**What the task requires**
Starting with the line that has "Medidor de aislmiento" and finishing with the line that has "Diamond Cut Gemological", set down each line below exactly. Pictures are not copied.

**Supplied data**

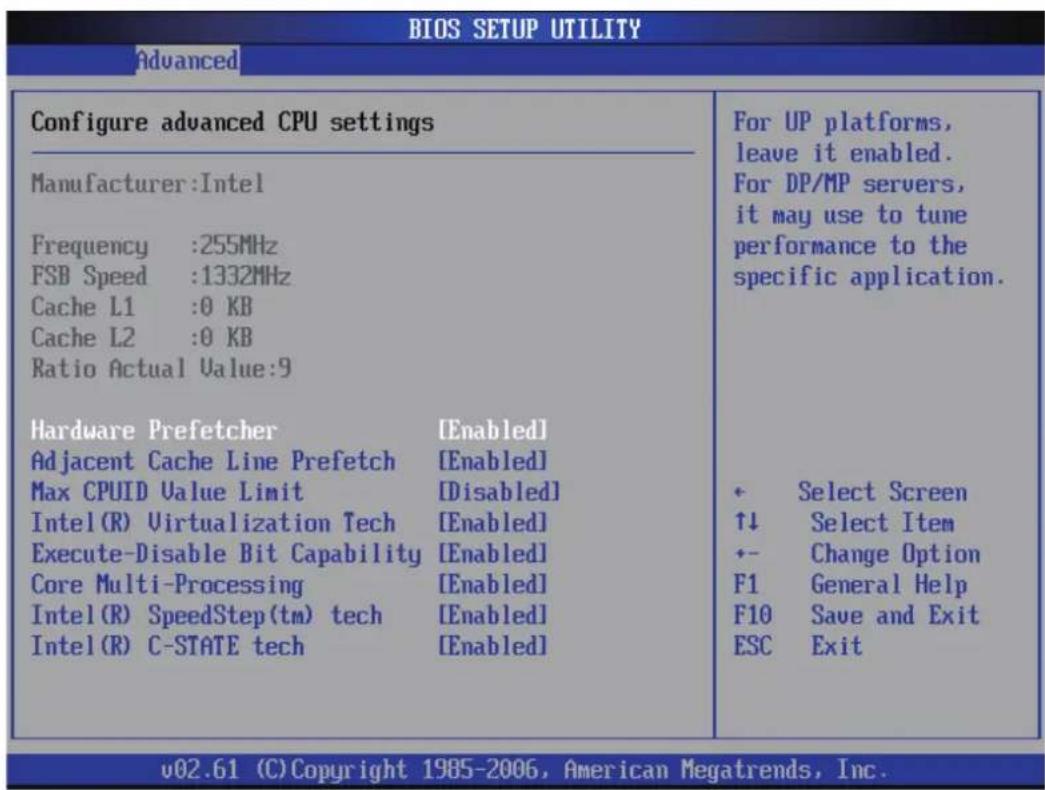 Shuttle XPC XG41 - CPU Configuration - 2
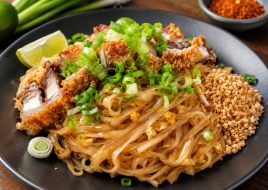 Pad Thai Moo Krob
...
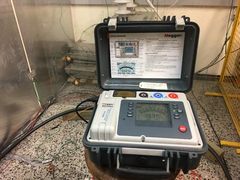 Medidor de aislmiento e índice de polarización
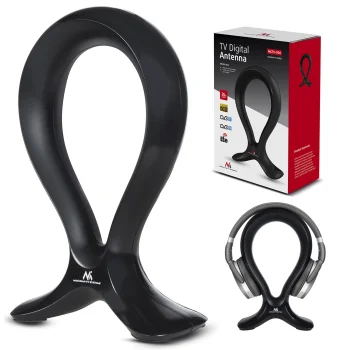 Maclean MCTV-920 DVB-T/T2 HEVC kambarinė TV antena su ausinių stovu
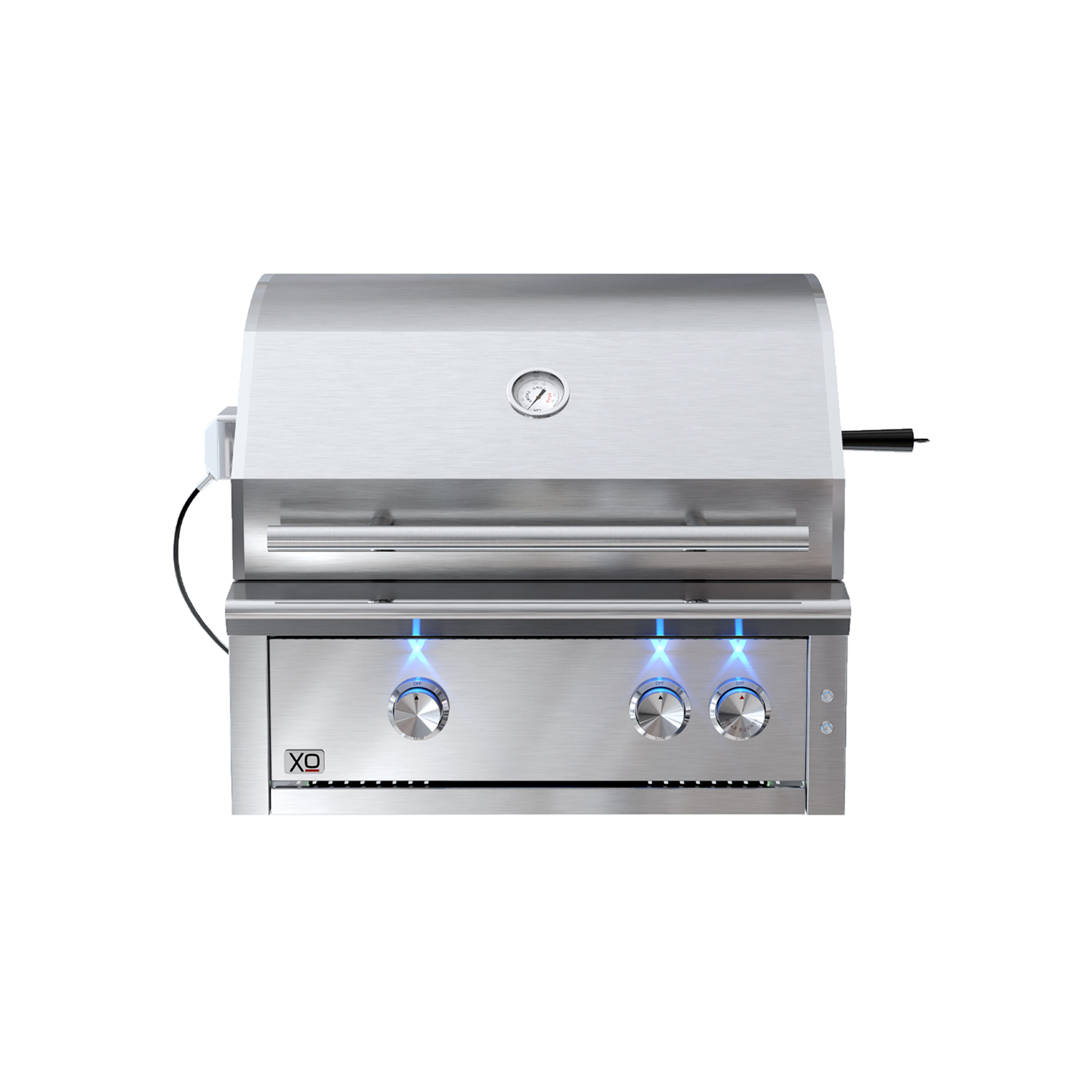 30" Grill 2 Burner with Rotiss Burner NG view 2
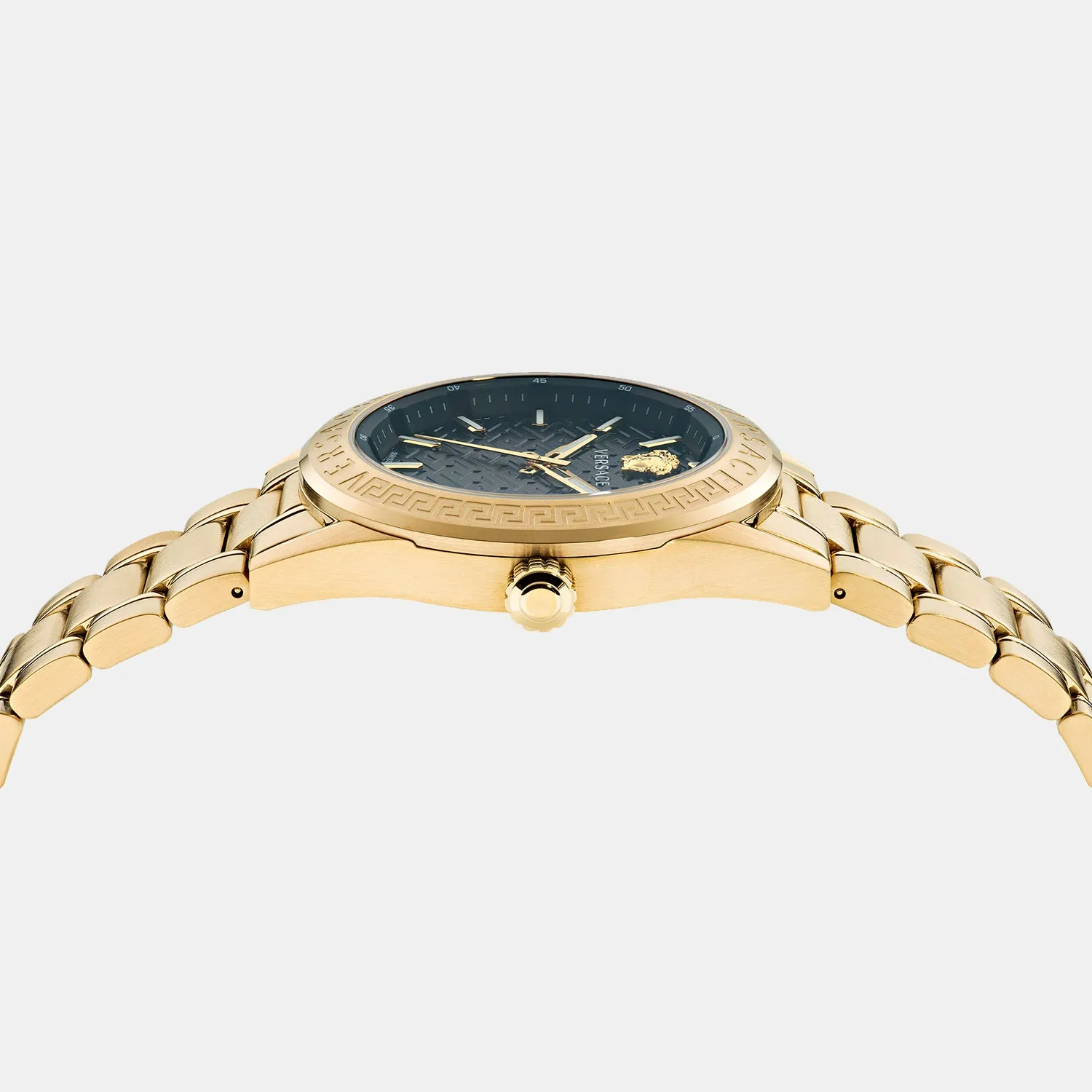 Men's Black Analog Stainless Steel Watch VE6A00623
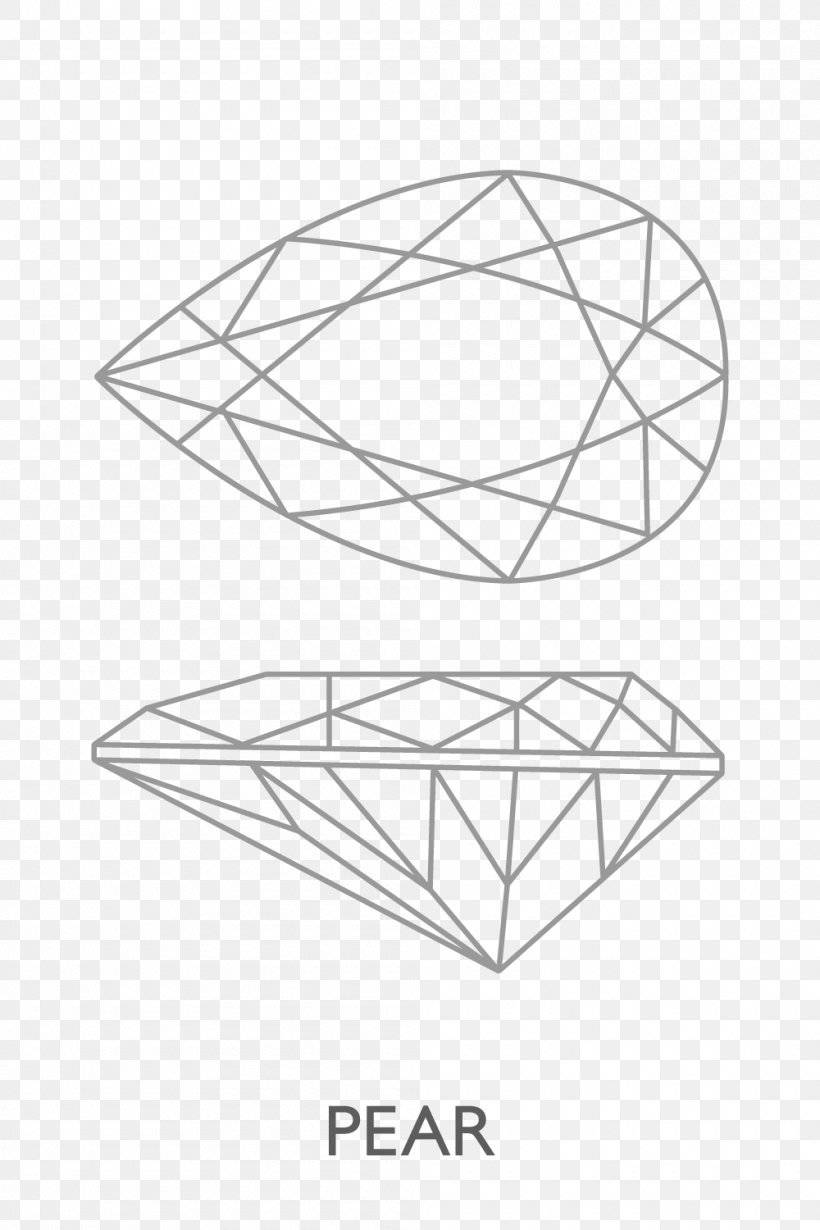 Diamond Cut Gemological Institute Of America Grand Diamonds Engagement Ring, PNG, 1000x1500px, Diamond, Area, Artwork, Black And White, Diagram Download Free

**Exercise output**
 Medidor de aislmiento e índice de polarización
 Maclean MCTV-920 DVB-T/T2 HEVC kambarinė TV antena su ausinių stovu
 30" Grill 2 Burner with Rotiss Burner NG view 2
 Men's Black Analog Stainless Steel Watch VE6A00623
 Diamond Cut Gemological Institute Of America Grand Diamonds Engagement Ring, PNG, 1000x1500px, Diamond, Area, Artwork, Black And White, Diagram Download Free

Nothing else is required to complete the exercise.